Re: [PATCH v6 2/3] spi: sun4i: Fix clock calculations to be predictable and never exceed the requested rate

From: Marcus Weseloh
Date: Mon Jan 18 2016 - 04:41:11 EST


Hi,

2016-01-17 19:51 GMT+01:00 Maxime Ripard <maxime.ripard@xxxxxxxxxxxxxxxxxx>:
> On Sun, Jan 10, 2016 at 10:11:11PM +0100, Marcus Weseloh wrote:
>> >> >> - /* Ensure that we have a parent clock fast enough */
>> >> >> + /*
>> >> >> + * Ensure that the parent clock is set to twice the max speed
>> >> >> + * of the spi device (possibly rounded up by the clk driver)
>> >> >> + */
>> >> >> mclk_rate = clk_get_rate(sspi->mclk);
>> >> >> - if (mclk_rate < (2 * tfr->speed_hz)) {
>> >> >> - clk_set_rate(sspi->mclk, 2 * tfr->speed_hz);
>> >> >> + if (spi->max_speed_hz != sspi->cur_max_speed ||
>> >> >> + mclk_rate != sspi->cur_mclk) {
>> >> >
>> >> > Do you need to cache the values? As far as I'm aware, you end up doing
>> >> > the computation all the time anyway.
>> >>
>> >> By caching the values we optimize the case when a single SPI slave
>> >> device (or even multiple slave devices with the same max_speed) are
>> >> used multiple times in a row. In that case, we're saving two calls:
>> >> clk_set_rate and clk_get_rate. I was unsure about how expensive the
>> >> clk_* calls were, so I thought it would be safer use caching. But
>> >> maybe it's not worth the extra code?
>> >
>> > Unless you can point that there's a significant performance
>> > difference, I'm not sure it's worth it.
>>
>> I did actually notice a significant transfer latency when a new mod0
>> clock frequency is set, probably due to the __delay in
>> drivers/clk/sunxi/clk-factors.c (line 147). So my feeling is that the
>> caching is worth it... at least for the case when there are two slave
>> devices with different transfer speeds accessing the same SPI module.
>
> I'm not sure we even need that delay in the first place, at least not
> for all the clocks using factor.
>
> AFAIK, the only case where it's useful is for PLL, and all of them
> have a bit you can busy-wait on that will let you know when the clock
> has stabilized.

OK, I didn't know that.

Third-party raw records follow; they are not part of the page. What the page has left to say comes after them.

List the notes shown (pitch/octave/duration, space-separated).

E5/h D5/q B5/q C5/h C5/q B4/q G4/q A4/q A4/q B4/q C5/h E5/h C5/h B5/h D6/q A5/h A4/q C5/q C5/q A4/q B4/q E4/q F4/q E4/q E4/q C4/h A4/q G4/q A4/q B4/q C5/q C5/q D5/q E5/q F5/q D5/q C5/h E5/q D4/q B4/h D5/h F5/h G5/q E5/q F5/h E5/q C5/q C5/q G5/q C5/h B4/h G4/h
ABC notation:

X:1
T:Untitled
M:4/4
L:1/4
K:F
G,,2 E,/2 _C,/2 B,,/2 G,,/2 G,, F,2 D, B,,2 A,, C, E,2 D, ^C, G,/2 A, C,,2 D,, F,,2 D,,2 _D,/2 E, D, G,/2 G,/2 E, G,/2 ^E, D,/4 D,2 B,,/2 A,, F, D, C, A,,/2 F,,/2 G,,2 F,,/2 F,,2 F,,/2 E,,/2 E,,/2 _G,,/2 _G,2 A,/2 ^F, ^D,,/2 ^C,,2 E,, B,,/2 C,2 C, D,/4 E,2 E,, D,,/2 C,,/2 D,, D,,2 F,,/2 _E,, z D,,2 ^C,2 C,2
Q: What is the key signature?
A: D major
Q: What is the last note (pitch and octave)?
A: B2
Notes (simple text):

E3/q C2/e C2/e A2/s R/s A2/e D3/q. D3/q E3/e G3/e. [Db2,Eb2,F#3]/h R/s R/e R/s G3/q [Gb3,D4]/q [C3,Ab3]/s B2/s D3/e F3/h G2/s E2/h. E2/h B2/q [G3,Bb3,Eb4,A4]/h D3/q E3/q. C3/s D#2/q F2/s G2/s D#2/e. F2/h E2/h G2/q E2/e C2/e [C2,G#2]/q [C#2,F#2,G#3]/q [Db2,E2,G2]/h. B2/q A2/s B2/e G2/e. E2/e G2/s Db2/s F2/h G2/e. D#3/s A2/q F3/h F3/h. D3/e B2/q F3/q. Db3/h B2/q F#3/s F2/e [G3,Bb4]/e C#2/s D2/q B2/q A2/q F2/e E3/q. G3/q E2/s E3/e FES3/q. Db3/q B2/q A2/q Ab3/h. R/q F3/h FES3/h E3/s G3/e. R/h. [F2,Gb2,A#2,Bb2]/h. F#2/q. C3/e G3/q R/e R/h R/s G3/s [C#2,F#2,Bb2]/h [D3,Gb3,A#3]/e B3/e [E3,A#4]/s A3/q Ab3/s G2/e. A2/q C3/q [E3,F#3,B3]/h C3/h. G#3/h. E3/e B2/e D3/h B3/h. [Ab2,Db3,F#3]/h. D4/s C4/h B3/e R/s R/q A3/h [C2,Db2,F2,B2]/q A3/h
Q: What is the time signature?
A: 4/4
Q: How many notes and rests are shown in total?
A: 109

Does that mean you would like me to drop the
caching from this patch and prepare a patch to remove the __delay from
clk-factors?

>> >> [...]
>> >> >> - div = mclk_rate / (2 * tfr->speed_hz);
>> >> >> - if (div <= (SUN4I_CLK_CTL_CDR2_MASK + 1)) {
>> >> >> - if (div > 0)
>> >> >> - div--;
>> >> >> -
>> >> >> + div = DIV_ROUND_UP(mclk_rate, 2 * tfr->speed_hz) - 1;
>> >> >
>> >> > Isn't it exactly the same thing as mclk_rate / (2 * tfr->speed_hz) ?
>> >>
>> >> It is quite often, but not in all cases. The plain division rounds to
>> >> the nearest integer, so it rounds down sometimes. Consider the
>> >> following case: we have a slow SPI device with a spi-max-frequency of
>> >> 50kHz. Our clock driver can't find a clock as slow as 100kHz, so it
>> >> sets mclk to 214,285Hz.
>> >>
>> >> Using the old calculation we get: 214,285 / (2 * 50,000) = 2, so div =
>> >> 1 as the old code subtracts 1 two lines further down
>> >> The new calculation results in: DIV_ROUND_UP(214,285, 2 * 50,000) =
>> >> 3, so div = 2 if we add the -1
>> >
>> > Except that you have that extra - 1 after your DIV_ROUND_UP
>> > calculation in the line you add. so you have to remove 1 from that
>> > line above, and then 1 again when we set the register, which ends up
>> > being the exact same thing, or am I missing something?
>>
>> The -1 after the DIV_ROUND_UP is already the -1 that is needed to set
>> the register. There's no need for another -1 after that (and there
>> isn't one in the code).
>
> I was probably hallucinating :) My bad.
>
> That being said, I still have a hard time figuring out what would not
> be solved simply by removing the div--, which seems to match what your
> commit log says.

I'm probably not doing a good job explaining the change. Let me try it
with a few examples. Consider the following three approaches:

A (original, unpatched version):
========================
div = mclk_rate / (2 * tfr->speed_hz);
if (div <= (SUN4I_CLK_CTL_CDR2_MASK + 1)) {
if (div > 0)
div--;
} else {
...
}

B (original version, but with div-- removed):
=================================
div = mclk_rate / (2 * tfr->speed_hz);
if (div <= (SUN4I_CLK_CTL_CDR2_MASK + 1)) {
...
} else {
...
}

C (version after this patch):
=====================
div = DIV_ROUND_UP(mclk_rate, 2 * tfr->speed_hz) - 1;
if (div <= SUN4I_CLK_CTL_CDR2_MASK) {
...
} else {
...
}

And now the following values for mclk, tfr->speed and the resulting
div and SPI_CLK

tfr->speed_hz = 50,000
mclk = 214,285
A: div = 1, SPI_CLK = 53,571(!)
B: div = 2, SPI_CLK = 35,714
C: div = 2, SPI_CLK = 35,714

tfr->speed_hz = 50,000
mclk = 200,000
A: div = 1, SPI_CLK = 50,000
B: div = 2, SPI_CLK = 33,333(!)
C: div = 1, SPI_CLK = 50,000

tfr->speed_hz = 650,000
mclk = 1,6000,000
A: div = 11, SPI_CLK = 666,667(!)
B: div = 12, SPI_CLK = 615,385
C: div = 12, SPI_CLK = 615,385

tfr->speed_hz = 1,000,000
mclk = 2,000,000
A: div = 0, SPI_CLK = 1,000,000
B: div = 1, SPI_CLK = 500,000(!)
C: div = 0, SPI_CLK = 1,000,000

I hope that makes it a little bit easier to understand the change. Of
course, the change only makes sense if you agree that the acutal SPI
transfer speed should never exceed the requested speed. Which I think
is the right approach... but maybe you think otherwise?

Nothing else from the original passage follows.